One Pager Cheat Sheet

• The lesson covers Dijkstra's algorithm and its application in solving shortest path problems, including its implementation in Python and comparison to other methods like Breadth-First Search (BFS), A* search algorithm, and Floyd-Warshall algorithm.
• The shortest path problems are represented using a graph, requiring a solid understanding of graph concepts.
• The graph in mathematics and computer science comprises two key components: vertices or nodes which represent points of connection, and edges which represent the connection between these points, and it can be directed or undirected; any missing options in the multiple choice test notwithstanding, the accurate answer must include both vertices (nodes) and edges.
• In shortest path problems, nodes represent cities and edges represent connectivity, with paths determined from one or more source nodes, using either directed or undirected graphs.
• In computer science, a graph is a collection of nodes and edges, with directed graphs featuring unidirectional edges, resembling one-way streets, while undirected graphs feature bidirectional edges, similar to two-way streets, with unidirectional and bidirectional describing the nature of node connectivity in these graphs.
• The problem representation requires the input graph to have one source node and non-negative weights for Dijkstra's algorithm, which finds the distance values for the shortest path from the source node to each unvisited node n, aiding in determining the shortest path between complex nodes, such as hundreds of cities.
• The Dijkstra's algorithm is implemented by initializing variables such as a list of unvisited nodes, a list of distances to nodes (with all initially set to infinity except the source node set to 0), and a list of visited nodes that form the shortest path; the algorithm, beginning with a source node, adjusts distances of nodes in this context.

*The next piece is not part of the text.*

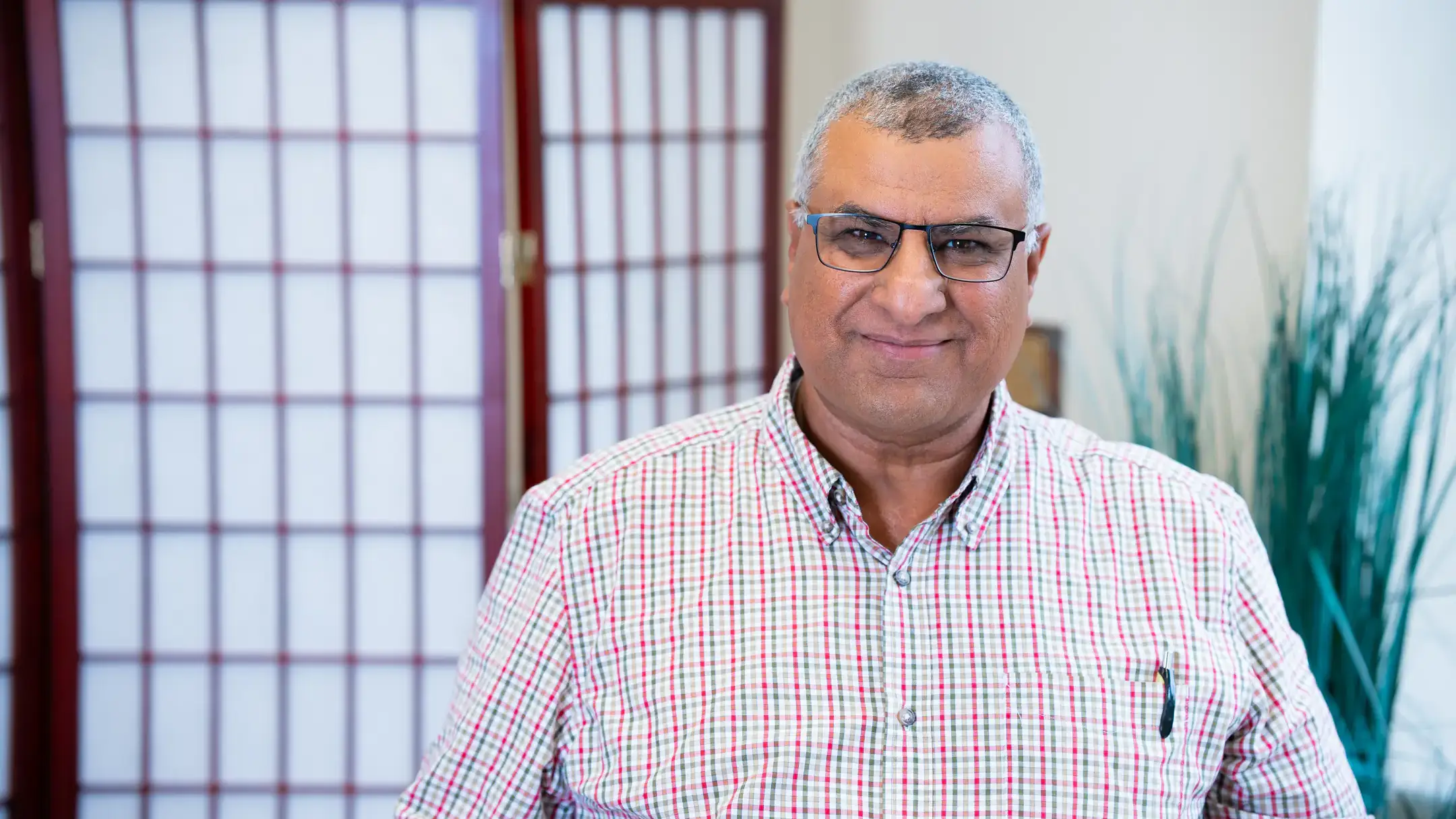 Hussain Qazaq poses for a studio photograph.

• The algorithm progresses by moving to the unvisited node with smallest distance, node C, and updating the distances of nodes D and E to 6 and 10 respectively, after finding that the sum of the source-to-node distances for these nodes is greater than the original distance.
• The unvisited node with the smallest distance value, B, is moved to the visited node list, but as visiting B creates no new paths, no distance values are altered and B is not added to the path.

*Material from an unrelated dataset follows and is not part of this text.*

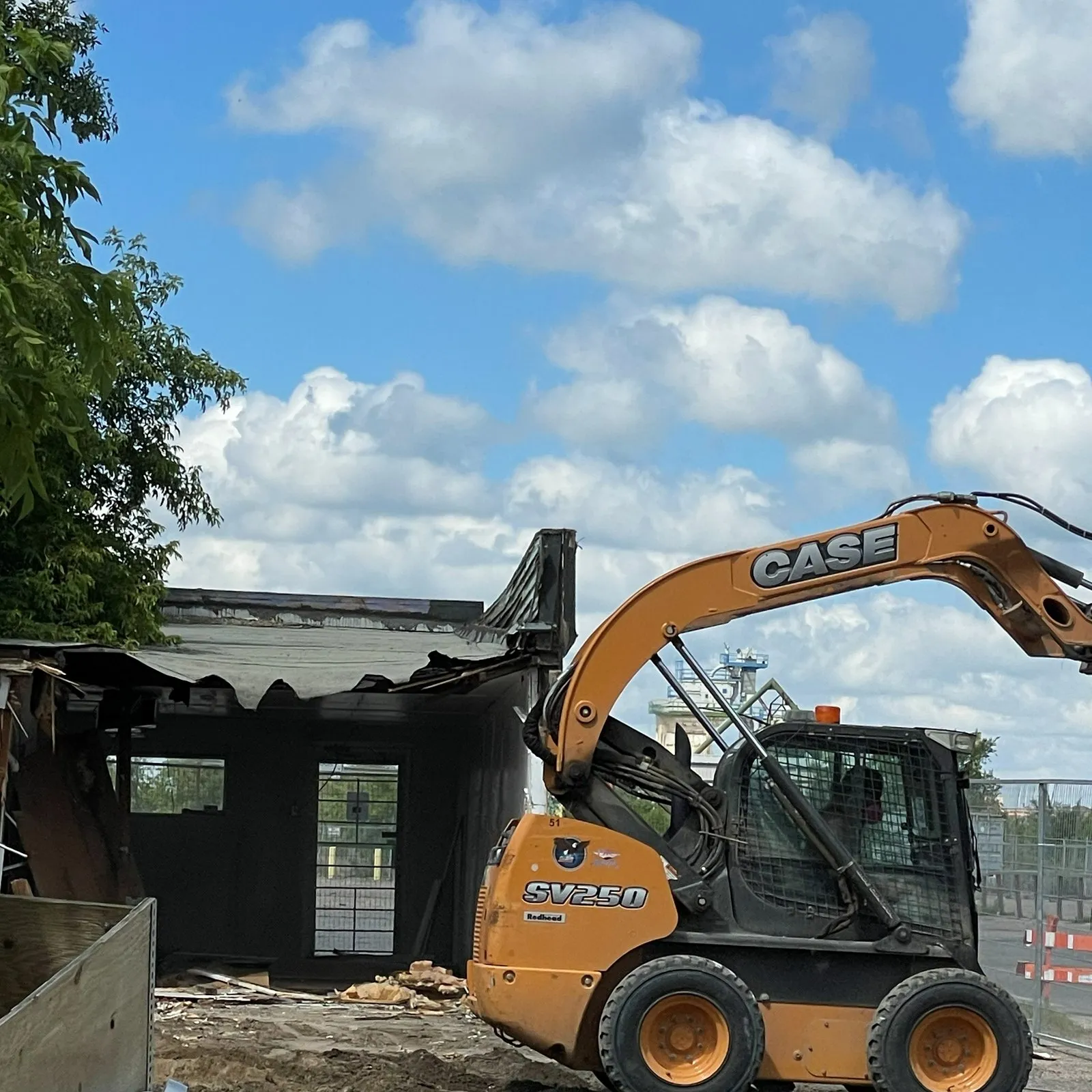 The old building coming down in 2021, a skid steer working beside its broken roof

• The unvisited node with the smallest distance value, node D, is visited to discover a new connection F, which has its distance value updated to 10 as this provides the shortest path from the previous node C.
• The algorithm proceeds in lexicographic order, visiting node E first, which does not alter the shortest path or the distance values of the other nodes.
• The shortest path to destination node F is completed by adding the path from node D to F, resulting in a total weight of 10, which is smaller than any other path to F.
• Dijkstra's algorithm can accurately calculate the shortest path in both directed and undirected graphs, by considering the least cumulative weight from the start node and treating edges in undirected graphs as two separate directed edges.
• Dijkstra's algorithm doesn't depend on the direction of edges and can represent the graph as an adjacency list using nested dictionaries.
• The unvisited, path, and distance lists of nodes are initialized, setting the initial distance values of all nodes to infinity except the source node which is set to zero.
• The algorithm selects the unvisited node with the shortest distance from the source, updates distances by checking all the neighboring nodes, adds nodes to the path list when distance is updated, and repeats this process until every node in the graph is visited.
• To find the shortest path between nodes, the reachability of the destination node from the source node is checked, after which the destination is added to the route list if reachable.
• Time complexity is an important tool that helps us estimate the efficiency of an algorithm, identify bottlenecks in the code, calculate the time taken to execute its steps, measure the speed of a process, and determine the optimal solution.
• Dijkstra's algorithm has a O(E log V) time complexity using adjacency lists, which is better than brute force algorithms.
• Dijkstra's algorithm is a fundamental concept for understanding shortest path problems, and will be compared to other algorithms in the next part of the tutorial.